Tuesday, November 18, 2014

(#48-1) November 18 2014. The art of appreciating more by appreciating less; of doing more by doing less; of understanding a great deal more—by just meditating.

THOUGHTS ON LIFESTYLE

VICTOR - SHOT BY MICK - ENHANCED

AND WHY GHENGIS KHAN SHOULD BE YOUR ROLE MODEL (ESPECIALLY IF YOUR ARE A WRITER).  THE MAN HAD A WAY WITH WORDS.

Lest you wonder—and I doubt you do—I don’t meditate (at least not in any formal sense). Indeed, I don’t set aside any formal time to think. I try and do that all the time.

I bump into things when I don’t.

Exercising one’s cerebral qualities with vigor  is a necessary prerequisite of writing—certainly where I am concerned. I try not to write on auto-pilot, but to build focused thought into the process—questioning in particular. I study a great deal to find answers, but primarily that seems to tell me how little I know. Very strange. But, I enjoy it greatly.

A caveat: I do find answers to most practical problems. In fact, I’m truly amazed at how few practical issues we would be left to wrestle with if we bothered to do our homework. The answers are out there—and are mostly proven. Primarily, we fail on the political side. Typically, we refuse to do what is necessary because of prejudice, greed—or both. Vested interests tend to be the main obstacles. We talk a great deal about lack of resources, but it is rarely true.
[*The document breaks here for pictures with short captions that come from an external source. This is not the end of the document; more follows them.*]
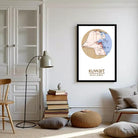 A framed map of Kuwait, with the country's location and surrounding areas clearly visible.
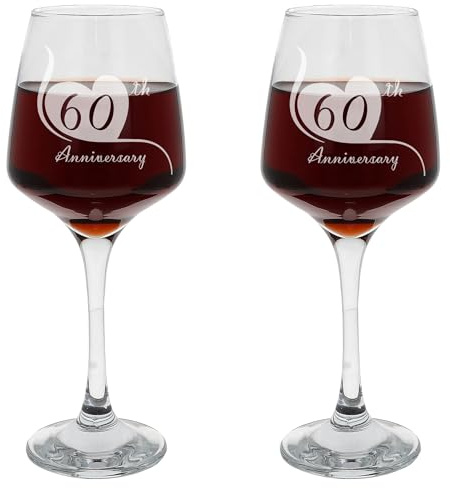 Always Looking Good Juego de 2 copas de vino grabadas para 60 aniversario de boda, copas de vino grandes de 400 ml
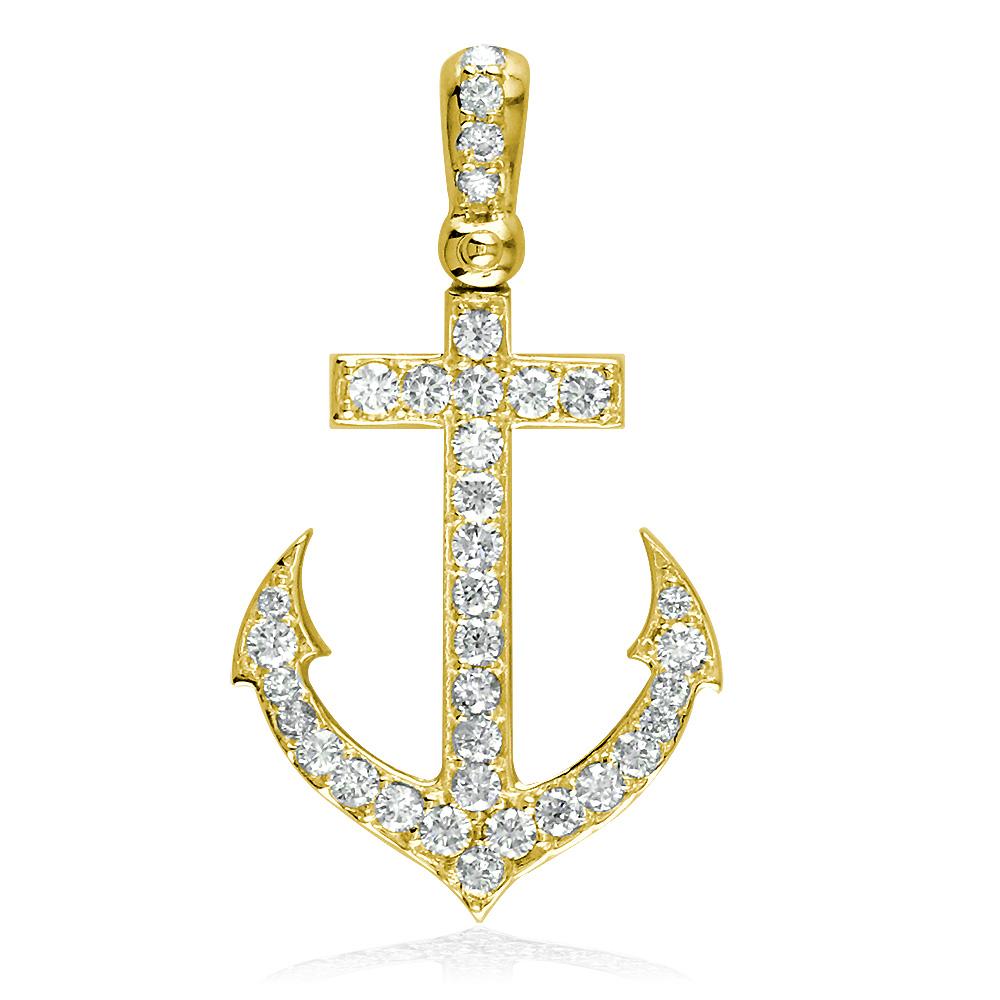 Diamond Anchor Pendant, 0.80CT in 14k Yellow Gold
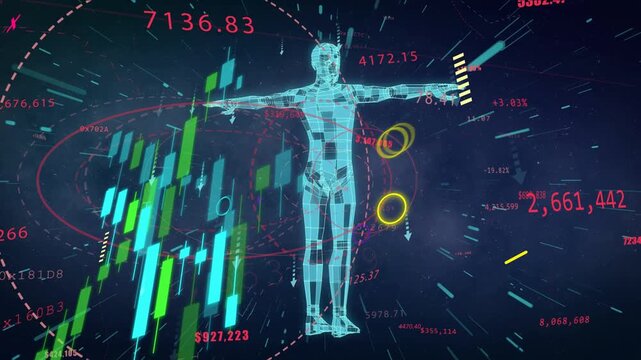 Faint red cues starting cyan mesh avatar, bars rising, rings pulsing, camera panning, showing scan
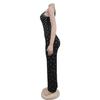 C7117 Fashion Women's Sleeveless U-neck Bodycon Dress with Hot Drilling, European and American Style.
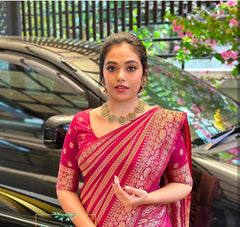 AAB (Pink) Soft Lichi Silk Saree with Rich Jacquard Border & Pallu | Wedding & Party Wear | Contrast Blouse Included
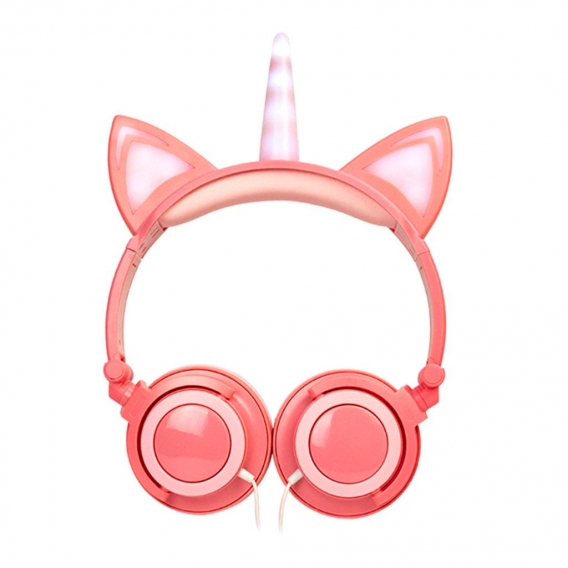Einhorn Kopfhörer LED Mädchen Stirnband 3,5 Mm für IPad PC Handys Kindle Größe rosa rosa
Look at Quantitative Easing (if your threshold of boredom can survive it). The Federal Reserve didn’t have several trillion dollars tucked away for a rainy day. They simply made an entry in their books saying “We have it,” and spent it on government bonds labeled “We’re the government—we’re good for it” and something like $4 trillion appeared as if by magic. Back in the good old days when we called a spade something close to what it was (such days never existed, by the way) we would have called QE “printing money.” Unfortunately, it didn’t benefit the Real Economy much, but the Big Banks made a fortune by borrowing dirt cheap money and speculating with it. Sometimes they borrowed at no real cost off the Fed, and bought government bonds (which pay higher interest). Is this a wonderful country, or what?

Meanwhile, the quality of our infrastructure declined still further—and real unemployment remained disturbingly high. In addition, millions of people with full time jobs with corporations like Wal-Mart didn’t earn enough to support themselves on their pay—and needed Food Stamps.

Such Food Stamp payments to employees constitute a massive subsidy for corporations (one of many, from tax breaks to development grants)—who don’t need it—and are a further indictment of the current American Business Model. We don’t have a free market economy disciplined by competition (the essential ingredient). In fact, in many cases there is no competition. We practice Rigged Corporate Commercial Cronyism (R-Triple C to coin a phrase) where the government is largely subservient to business interests. We talk Free Market Capitalism but that is not what we do.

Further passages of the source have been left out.